Silent Service

Ever since I was a young boy, I remember being surrounded by a few people who made a lasting impression on me. Chief among them were my own Nana (maternal grandfather), and his brothers. Why? Because while they were staunch businessmen who had come from rather modest circumstances in rural Bihar and made it big, in the big city; they never once forgot their roots, their humble beginnings, and their community.

While they amassed great fortunes in trading and liaison with a slew of foreign countries, their hearts and their minds were firmly planted back home. So what did they do? They made time, put in effort, and spent a good deal of their own money to further the cause of those, less fortunate.

You’d be forgiven for thinking this isn’t any glorious achievement in itself. Perhaps you’d be right. There are however a few key differences that made them stand out, back then, and even today. See those were the days when CSR (corporate social responsibility) was neither in vogue, nor mandated. Despite that, they happily gave back to the community. THAT made it special. Second, they never did, and never have until this day, EVER, in the slightest, displayed, advertised or publicized their contributions, monetary or otherwise, to any social cause. And that to me, is the key difference. That’s what makes these men, truly great. That’s what makes them the very embodiment of the word ‘Karma’ as I understand it.
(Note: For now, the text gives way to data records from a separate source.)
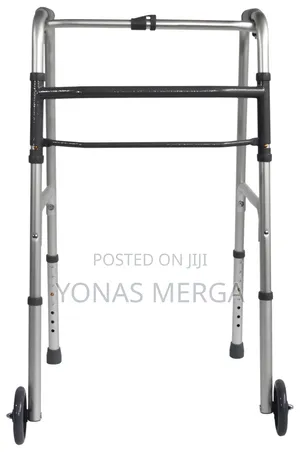 Walker聖凹2-Wheeled Folding Aluminum Medical Walker (Walking Frame)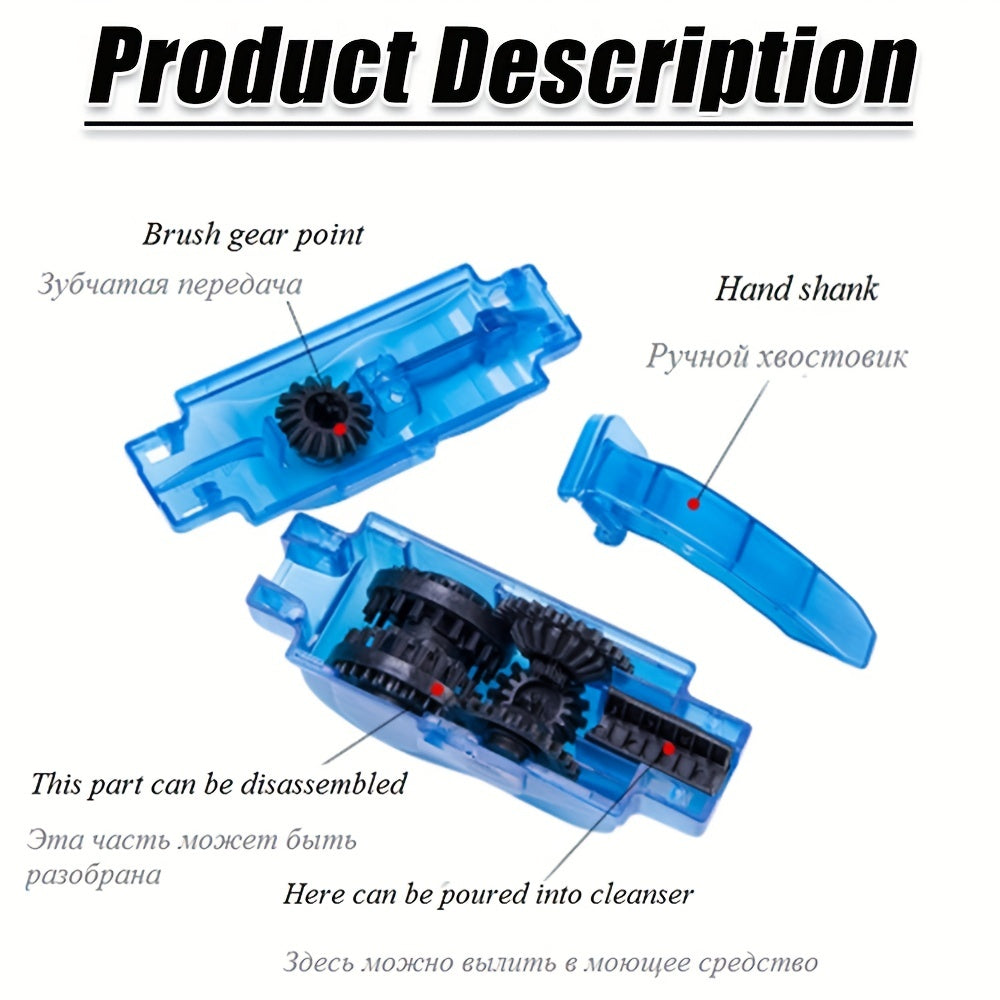 Complete Bicycle Cleaning Kit - Hair Brush, Chain Washer, Cleaning Combination & More!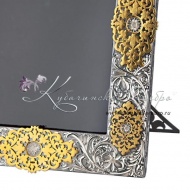 Рамка для фотографий с позолотой , арт №2397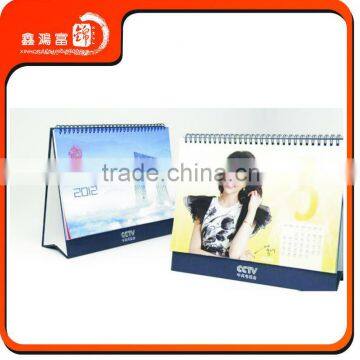 BJXHFJ Lamination Wholesale Custom Desktop Calendar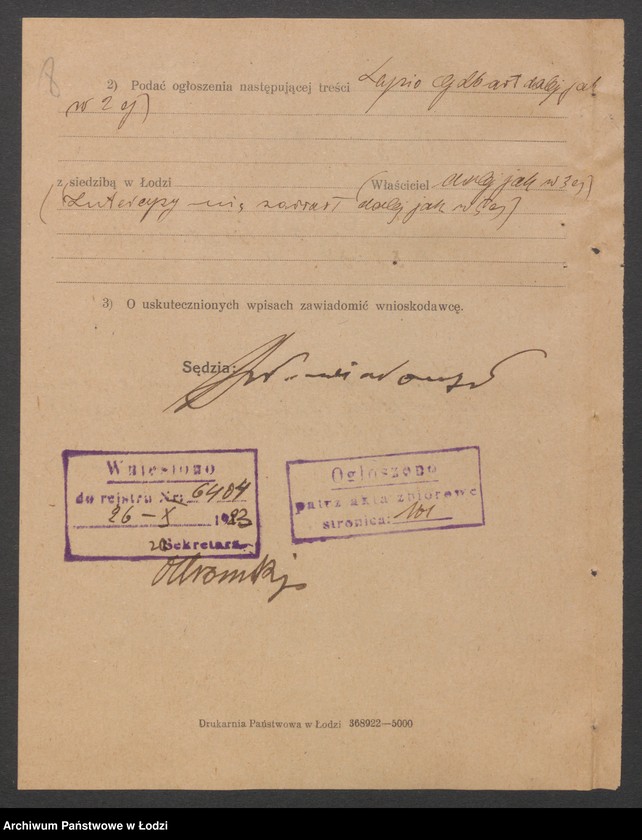 Obraz 10 z jednostki "Gelbracht Zysio- farbiarnia ręczna"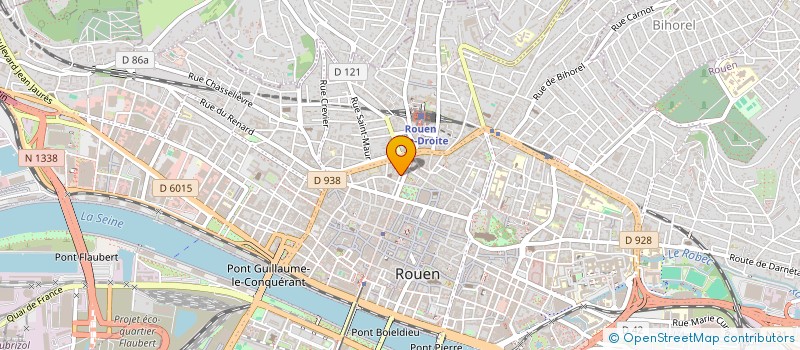 localisation de l'entreprise RINGO à ROUEN
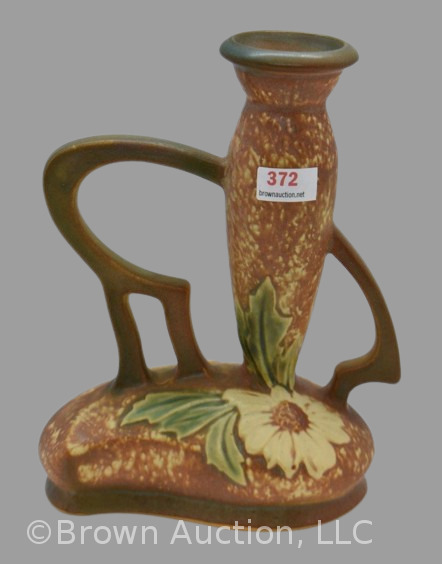 Roseville Dahlrose 77-7" bud vase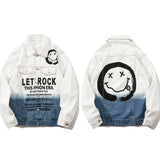 menswear fashion piece featuring mens denim jackets fashion fade color single breasted hip hop streetwear coats new spring harajuku printed outerwear jacket coat design – premium quality jacket for men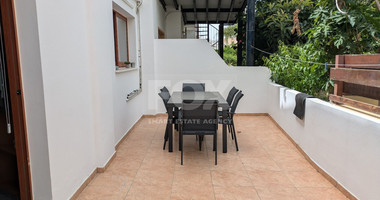 Spacious ground floor 2-storey furnished apartment with three bedrooms in Geroskipou, for rent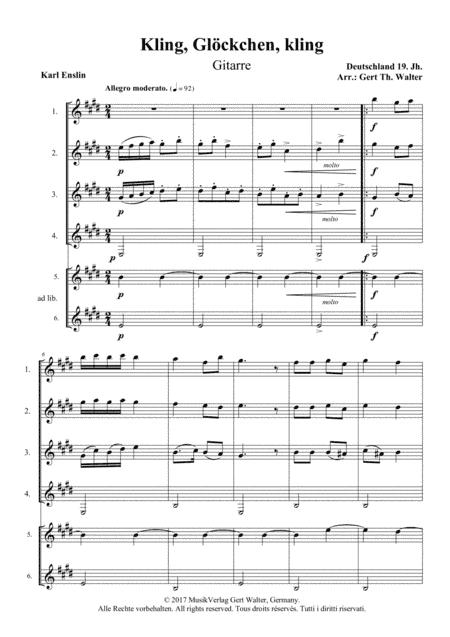 Ring, Little Bell, Ring (arr. Gert Th. Walter)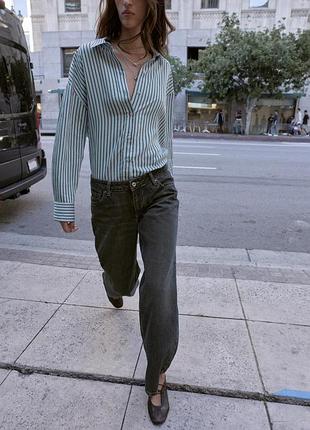 Широкие джинсы wide leg от zara, 40р, оригинал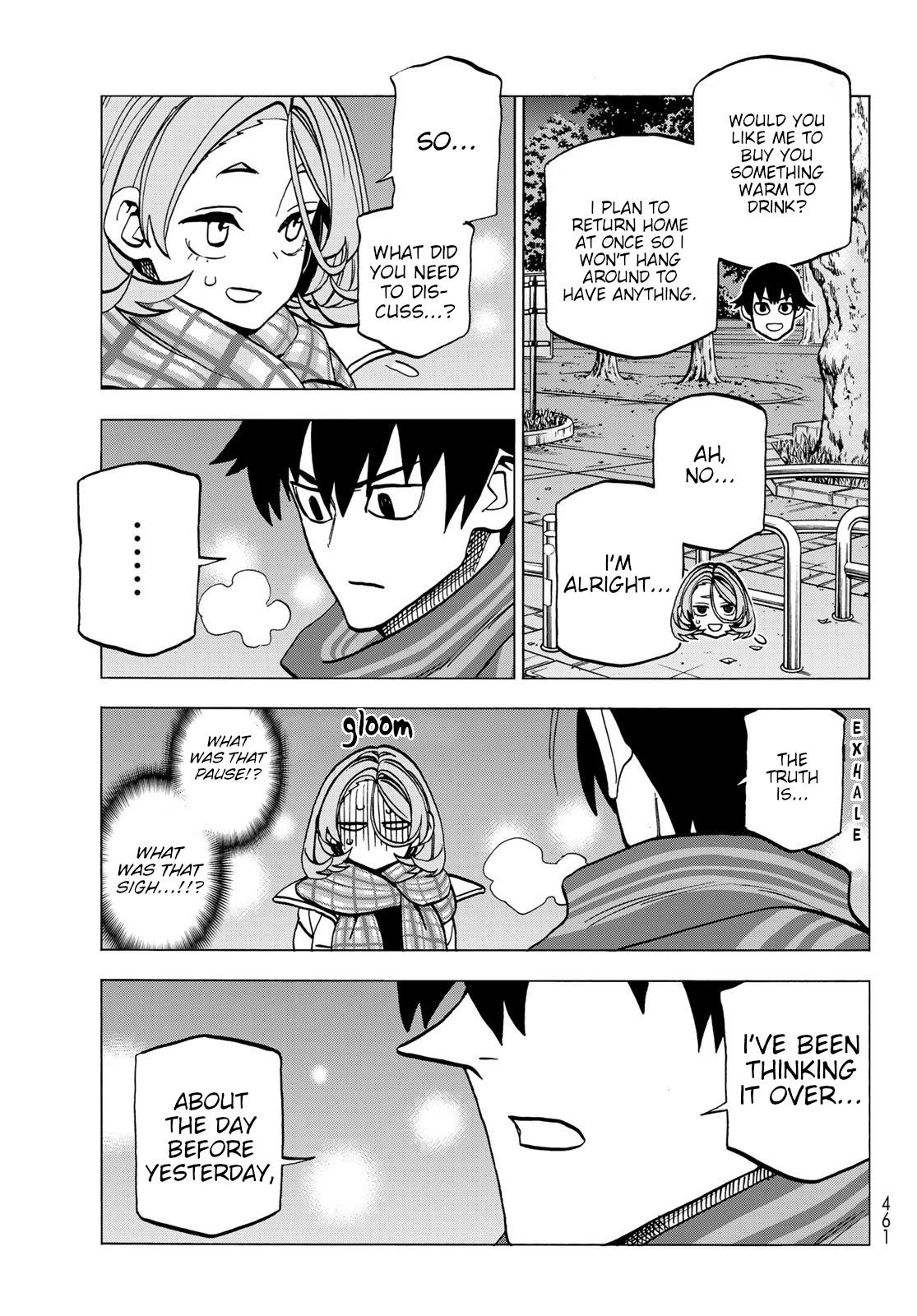 The Story Between a Dumb Prefect and a High School Girl with an Inappropriate Skirt Length Chapter 50 page 13 - Chapter 50: The story of a dumb conflict.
Today we seem to be inundated with stories across the media and on various platforms of the charitable accomplishments of individuals and organizations. That’s all well and good. But isn’t the point and true meaning of social service, service (and not publicity)?

My Nana runs an absolutely free Hostel in the middle of Calcutta where scores of young students from his village back in Bihar, for over half a century, have come, lived, eaten, studied, all for free, and gone on to make wonderful lives for themselves. And NOBODY even knows this place exists! Likewise, his brothers have sponsored able, meritorious students to various institutions the world over, including paying their entire Ivy League Tuition, and again, not a peep out of these greatly generous men.

Benevolence to me then has always meant service with humility, subtlety, and a certain amount of restraint. Else, it dilutes the essence of true giving. It becomes a hedonistic, self-centered endeavor. Service ought to be silent. Service speaks for itself!